If nobody knows that XYZ exists, nobody can interact (in any way) with XYZ. Simple.
Why let hackers know about a bug as crucial as this without fixing it first and then releasing it?
> If nobody knows that XYZ exists

Why do you think nobody knows?

Well, what to do in such cases is a debatable topic. If you are interested, it's called full disclosure.

Very interesting. Looks like I was taking/thinking about "Coordinated disclosure" which again seems reasonable to me. The only issue is whether the vendor will fix the issue or keep their mouth shut to save money.
I think money shouldn't be important in this case (still talking about Coordinated disclosure), users and the way people see the company are more important. Who cares if you are going to save 1 million if your user base declines by 20% for example.

~ · Post by ~ » Thu Jan 04, 2018 8:22 am

It has already been proved that if the problem was explained in a way that everyone could understand in a technical way as to even implement protection measures, then everyone could be much more prepared to evade them. Everyone would come up with more creative ways to deal with this than hiding the problem, and everyone would be much more competent, as seen on previous decades of PCs.

Now that I think about it, I think that this problem could also be greatly mitigated if most of the data of a program was put on disk and then only a portion of it loaded at a time. The memory usage would be much better, much lower, and storing all data structures mainly on disk for most applications would make hitting enough of very private data (enough to be usable or recognizable) too difficult and infrequent, so storing all user data on disk could also be an option.

Maybe the problem is the whole infrastructure of the systems. Maybe normal applications abuse memory so much that then they worry about failures like this, when they could be much less resource-intensive and much more efficient in speed and memory/resource usage.

So in the whole scheme, if an user space program takes measures like this one (using only on-disk data structures and load them only partially in a tiny memory space of a few RAM pages in size), then that program, which could be a very critical program, would become invulnerable on its own.

As can be seen, it's just a matter of knowing how to use the machine, not really a bug, but a misuse of the machine that is expected to behave like a high-level language like .NET but that in reality needs to behave like a raw machine to be efficient and optimizable at the micro level.

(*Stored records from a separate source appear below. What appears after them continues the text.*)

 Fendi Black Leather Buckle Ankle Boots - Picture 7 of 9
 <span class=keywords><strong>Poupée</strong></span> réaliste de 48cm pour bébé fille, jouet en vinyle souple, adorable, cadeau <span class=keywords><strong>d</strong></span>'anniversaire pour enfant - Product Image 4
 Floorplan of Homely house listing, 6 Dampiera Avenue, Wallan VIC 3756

After all the cache is only making what it should to be as fast as it is. There are infinite ways to make Meltdown and Spectre irrelevant by implementing the applications better, the more critical the less present the critical data in memory at all. People only needs to think about how to implement things in better ways, learn Assembly and see why things like this happen, not rely that much in patches that we don't even really know how they work, or whether they will end up keep falling apart because the whole design of the system and programs is still as bad as before.

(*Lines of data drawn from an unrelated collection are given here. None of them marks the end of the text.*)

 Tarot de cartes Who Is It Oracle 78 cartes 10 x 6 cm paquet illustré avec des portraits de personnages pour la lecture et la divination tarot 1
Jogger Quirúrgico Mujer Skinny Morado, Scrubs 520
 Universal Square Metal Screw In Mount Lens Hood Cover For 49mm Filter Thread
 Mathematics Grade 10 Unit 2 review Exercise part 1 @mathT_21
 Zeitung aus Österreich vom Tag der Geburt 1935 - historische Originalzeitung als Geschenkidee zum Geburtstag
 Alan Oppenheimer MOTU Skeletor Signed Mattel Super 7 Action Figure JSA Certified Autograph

Now I see that I was right about that programmers really know near to nothing in general about the virtualized/paged environment. They just compile programs but they never think about that memory no is longer sequential as with MS-DOS/Unreal Mode, but now it has a structure and CPU management behavior that they should know to make for minimally decently implemented programs.

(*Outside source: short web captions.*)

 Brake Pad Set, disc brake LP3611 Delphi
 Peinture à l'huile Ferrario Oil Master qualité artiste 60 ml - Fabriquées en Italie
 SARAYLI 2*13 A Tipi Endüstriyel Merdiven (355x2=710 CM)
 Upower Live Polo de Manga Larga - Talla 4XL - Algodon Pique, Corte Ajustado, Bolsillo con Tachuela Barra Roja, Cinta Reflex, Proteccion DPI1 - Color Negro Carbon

The debuggers are probably dummy programs that nobody really understand or use, used only to check well-formed/well-selected opcodes, and other better techniques are actually used to debug. Reverse engineering involves much more than a debugger.

Defining fragmented memory chunks, like 512-byte or 4096-byte chunks to expand the data gradually from within the program, having them apart and connected using linked lists, could also prevent these problems without even thinking about them.

And as with any other debugging, check how much our program can be cracked with Meltdown and Spectre. There should be development tools for stress tests like this, and use signature values to see if we can find our data in memory from another process.

In the end, I don't know if the measures taken by these exploits are just placing proper usage of the cache and well-debugged leakage of pages that occurred before due to badly synchronized kernel and programs using the cache without invalidating in a synchronized way and waiting for the cache to fully flush before continuing, but if that's the case then the code that OSes contained for making use of paging and caches has always been of a relatively low quality, and still it wouldn't be a bug, it would just be a poorly programmed system, and good Assembly programmers that came out with manual checks to determine data they wanted to have. That it's about the cache doesn't mean that it wasn't a very good Assembly programming work to uncover hidden things in the x86 CPUs, as has always been done.

Korona · Post by **Korona** » Thu Jan 04, 2018 8:58 am

~, your last post is a massive collection of bullshit. I usually do not jump to calling people out like this but you have demonstrated that you do not consider reasonable feedback in other threads. Furthermore, you seem to take every thread as an invitation to advertise your DOS-above-all-else programming philosophy, shutting down otherwise interesting discussion. Claiming that the whole problem could have been prevented if developers knew their machines better is ridiculous given the fact that neither you nor tens of thousands of developers that know their machines better than you do have expected the exploits.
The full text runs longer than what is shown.